Task brief |
Copy only the lines between the one containing "Charming 2-Bed, 2.5-Bath" and the end of the records, both included, leaving out pictures.

Dataset records |
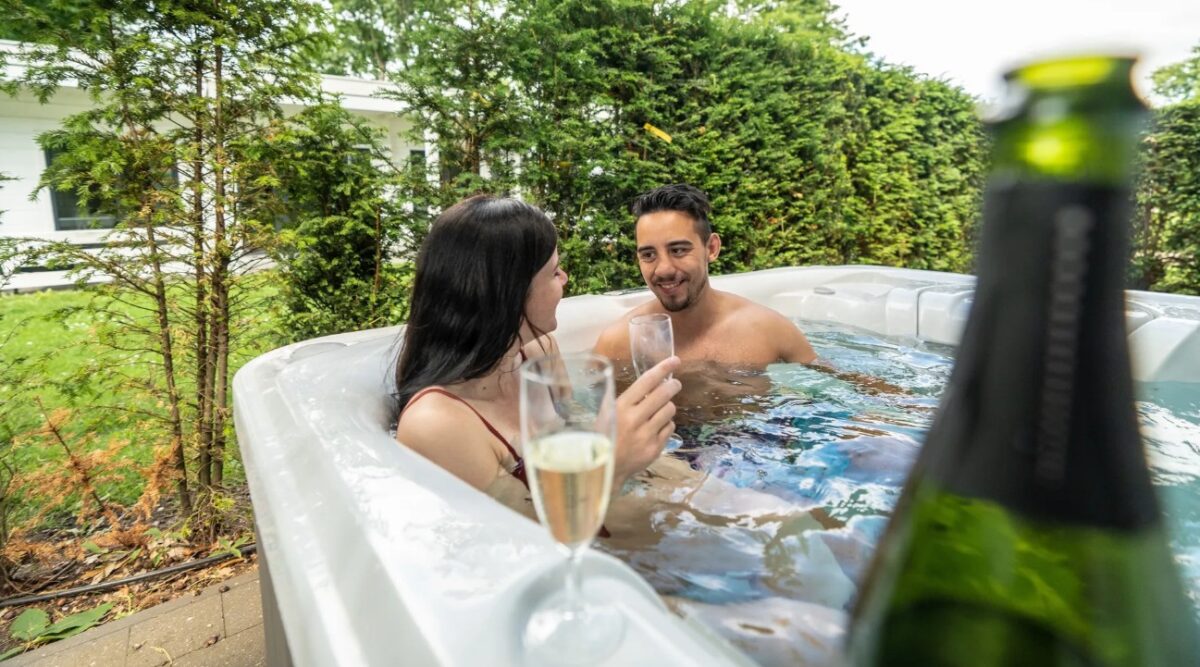 Mooi zutendaal Belgie vakantiepark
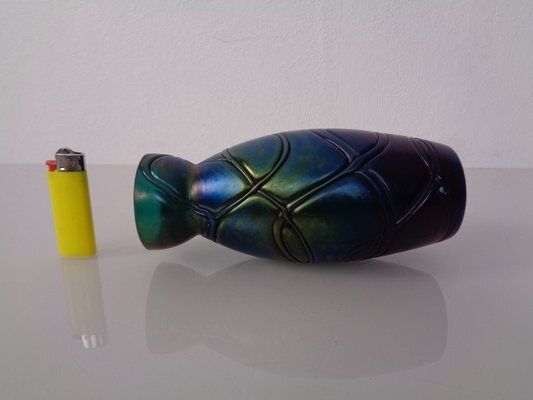 photo furniture Small Art Nouveau Vase, France, 1920s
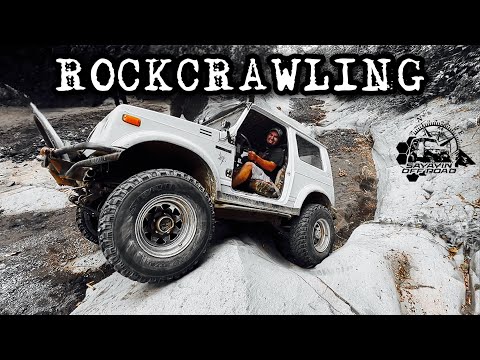 Suzuki Samurai 6.5 Transfer Gear - San Andres Osuna Siquinala Escuintla by @SayayinOffRoad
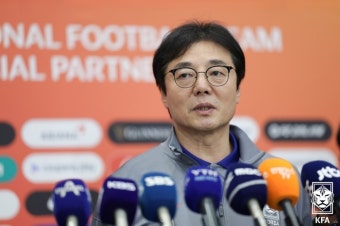 A대표팀 사령탑 후보 자격 ‘일축’ 황선홍 감독 “생각해본 적 없다, 올림픽 예선에 집중할 생각”[현장인터뷰]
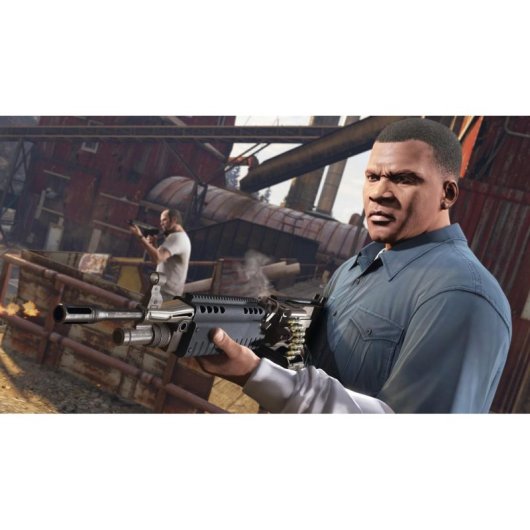 Spiel Sony Grand Theft Auto V für PlayStation 5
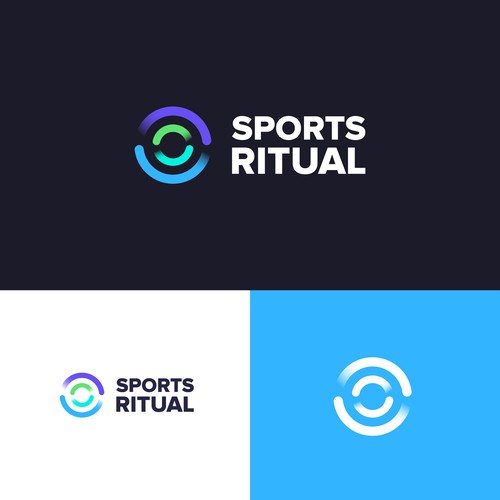 Design a modern, cool looking logo for a sports app Design by Lyna✎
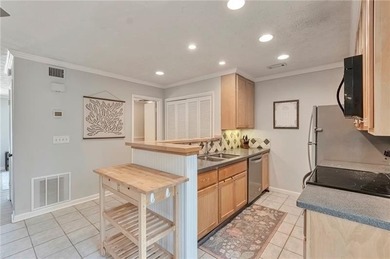 Charming 2-Bed, 2.5-Bath Townhome in a gated Buckhead Golf, Swim on Cross Creek Golf Course in Georgia - for sale on GolfHomes.com, golf home, golf lot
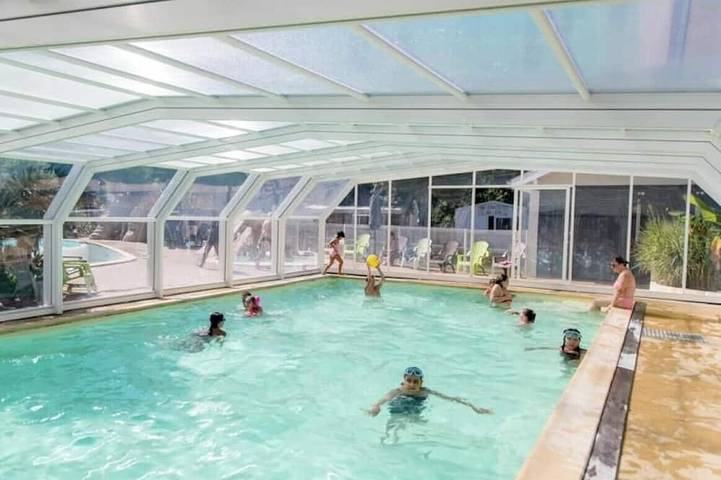 Camping pour 5 personnes à Parentis-en-Born - 4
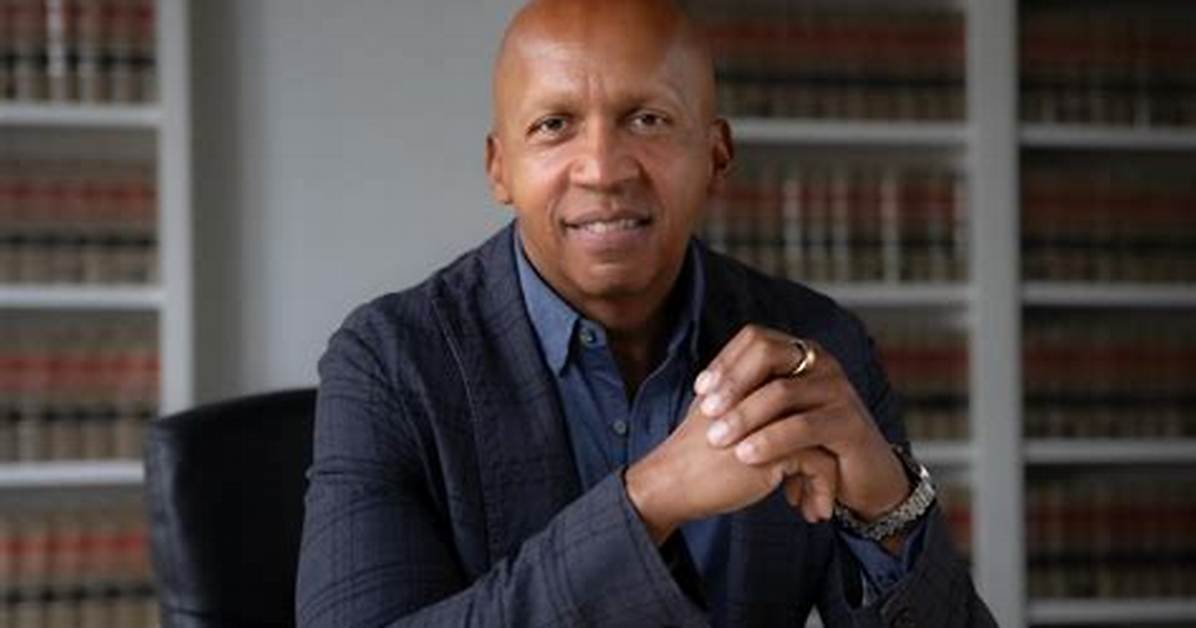 Bryan Stevenson Net Worth | Wife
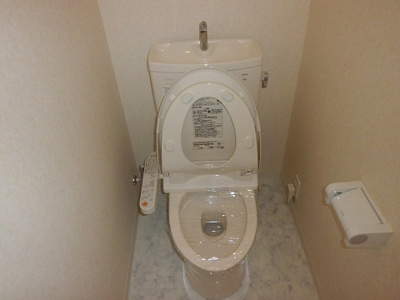 【トイレ】 | 金津賀第5ビル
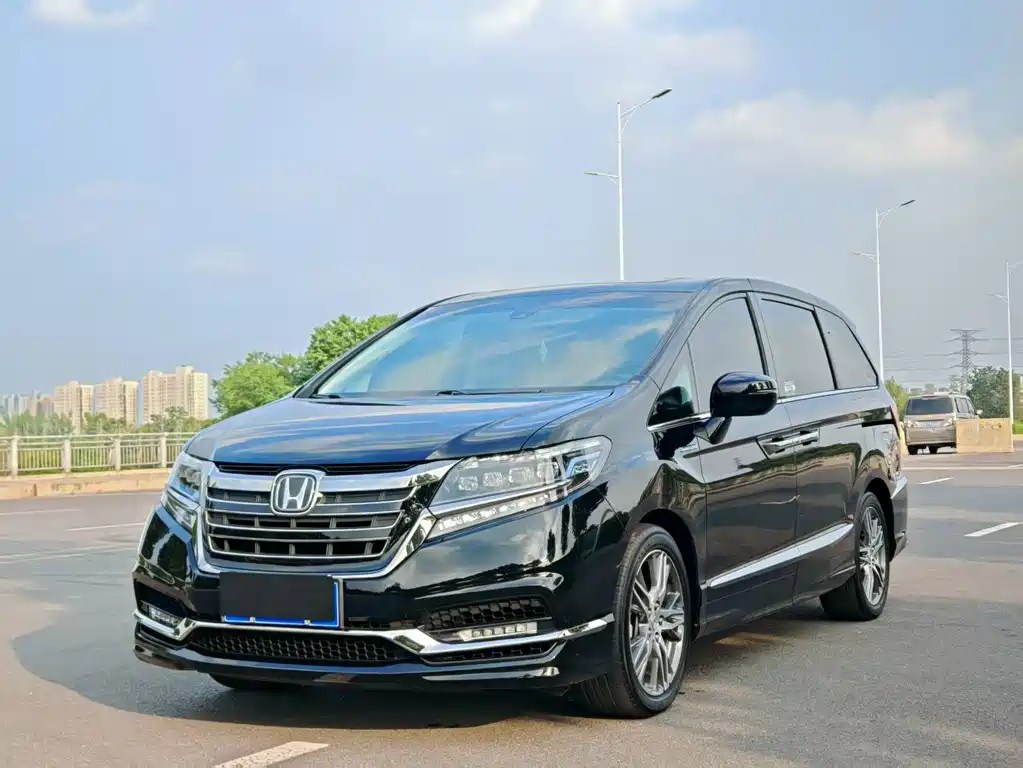 Аукционный лист HONDA ALISON 2021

Response box |
 Charming 2-Bed, 2.5-Bath Townhome in a gated Buckhead Golf, Swim on Cross Creek Golf Course in Georgia - for sale on GolfHomes.com, golf home, golf lot
 Camping pour 5 personnes à Parentis-en-Born - 4
 Bryan Stevenson Net Worth | Wife
 【トイレ】 | 金津賀第5ビル
 Аукционный лист HONDA ALISON 2021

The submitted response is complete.